It’s an idea befitting a scene in a sequel to Planes: Fire & Rescue – a program to train prescribed burn project managers, a.k.a: “burn bosses” – equipping the next generation with the tools to protect people, nature and property.
Since the 2014-15 wildfire seasons there has been a renewed emphasis on the use of prescribed burns to improve forest health and reduce wildfire severity. The state Department of Natural Resources (DNR) 20-year forest health plan calls for increased use of this practice, and in 2016 completed a prescribed burn pilot program in different areas throughout the state.
Prescribed burning is employed by private small landowners as part of their forest management strategy. However, certification is required to become a prescribed burn project manager, and private land owners say most of them are nearing retirement. HB 2733 would help train a new generation of these burn bosses by creating a voluntary prescribed burn manager certification program.
The bipartisan proposal is sponsored by Rep. Ed Orcutt (R-20) and backed by four Democrats. The bill received a “do pass” recommendation February 1 following a January 25 public hearing in which stakeholders spoke of the importance for training up-and-coming foresters.
Washington Farm Forestry Association Executive Director Elaine Oneil said that the number of industry members knowledgeable about prescribed burns are dwindling. “There are some that actively burn, but they’re reporting that the combination of increasing liability, increasing regulatory requirements and reduced burn windows…are making it so that they can no longer use this valuable tool. We’re also losing an institutional memory.
“With them (retiring) goes that institutional memory of how to effectively use fire as opposed to always having to fight it,” she added. “We don’t think it (HB 2733) goes far enough.”
On top of managing the state’s wildfire response, DNR also implements the Smoke Management Plan regulating burns on DNR-protected lands, but also must meet the state Clean Air Act. It also issues prescribed burn permits to private landowners.
A consulting forester, Orcutt told panel members: “I’ve had the chance to actually do some prescription burning and understand the complexities of it. You don’t just go out and light a match and have a successful prescribed burn. This is not something anybody can go out and do. What this bill does is basically sets up a program to make sure we have those individuals in our states to go out and do it.

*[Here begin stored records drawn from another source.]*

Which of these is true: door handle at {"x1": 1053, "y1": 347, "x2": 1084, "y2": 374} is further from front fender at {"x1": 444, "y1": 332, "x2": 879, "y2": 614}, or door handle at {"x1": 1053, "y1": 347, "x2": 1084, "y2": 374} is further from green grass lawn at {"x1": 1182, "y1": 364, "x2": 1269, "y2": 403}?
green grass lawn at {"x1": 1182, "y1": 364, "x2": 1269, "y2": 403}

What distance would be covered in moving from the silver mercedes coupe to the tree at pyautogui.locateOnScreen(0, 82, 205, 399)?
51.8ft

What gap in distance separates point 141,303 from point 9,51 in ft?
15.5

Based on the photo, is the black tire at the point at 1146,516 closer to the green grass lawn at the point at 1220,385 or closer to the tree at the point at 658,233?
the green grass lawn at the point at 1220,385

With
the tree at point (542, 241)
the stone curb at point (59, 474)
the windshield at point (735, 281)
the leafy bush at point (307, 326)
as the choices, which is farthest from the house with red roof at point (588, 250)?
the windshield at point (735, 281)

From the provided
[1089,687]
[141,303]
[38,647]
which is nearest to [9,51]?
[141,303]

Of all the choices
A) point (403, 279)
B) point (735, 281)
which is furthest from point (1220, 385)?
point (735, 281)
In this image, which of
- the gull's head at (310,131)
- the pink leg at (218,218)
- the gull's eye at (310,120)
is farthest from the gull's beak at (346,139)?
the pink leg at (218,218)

“This is the start of doing something about it and actually getting some work done on the ground.”
The effectiveness of prescribed burns was articulated during last year’s session by forestry experts, who argued that an overly-aggressive wildfire suppression policy and an abrupt end to logging in forestland gave rise to unhealthy, small-diameter trees with heavy fuel loads on the ground. Conservationists have also relied on it to restore lands.
At the January 25 public hearing, Oneil said that frequent, controlled fires help mitigate insect and disease outbreaks. A 2015 report found that 2.5 million acres of Eastern Washington forestland exist, though DNR officials say that number may be even higher.

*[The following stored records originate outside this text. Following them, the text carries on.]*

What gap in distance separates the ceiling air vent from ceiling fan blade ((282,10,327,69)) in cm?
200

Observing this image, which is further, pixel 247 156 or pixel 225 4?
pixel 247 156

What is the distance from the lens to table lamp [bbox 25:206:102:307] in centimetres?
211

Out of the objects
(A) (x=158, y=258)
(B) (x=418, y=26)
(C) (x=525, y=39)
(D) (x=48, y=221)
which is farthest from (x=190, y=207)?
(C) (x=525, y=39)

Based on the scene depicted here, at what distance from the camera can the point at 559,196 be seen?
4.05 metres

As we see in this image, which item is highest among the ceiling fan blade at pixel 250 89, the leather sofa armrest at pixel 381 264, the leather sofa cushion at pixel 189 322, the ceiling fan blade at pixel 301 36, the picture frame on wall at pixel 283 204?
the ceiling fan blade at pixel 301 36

“Prescribed burning is not just a convenience. It’s an imperative,” Oneil said.
Also in favor of the program is Russ Hobbs, a retired fire chief from Kittitas County. He told lawmakers that “fire service would benefit from this bill enormously. For us, this is an exciting opportunity … to get first-hand experience.”
At the same public hearing, committee members also examined HB 2561, which calls for the state Wildland Advisory Committee to reassess the effectiveness of certain state agencies and programs related to wildfire suppression. Prime sponsor Rep. Tom Dent (R-13) told panel members that “I’ve learned in the flying business…what worked in 1980 wasn’t working in 1990 or in 2000, because things change.”
The same applies to the state’s fire mobilization plan, the fire marshal and the Firewise community program, he said, and that the conversation topic should be on the table.
HB 2561 also received a “do pass” recommendation at the committee’s February 1 meeting.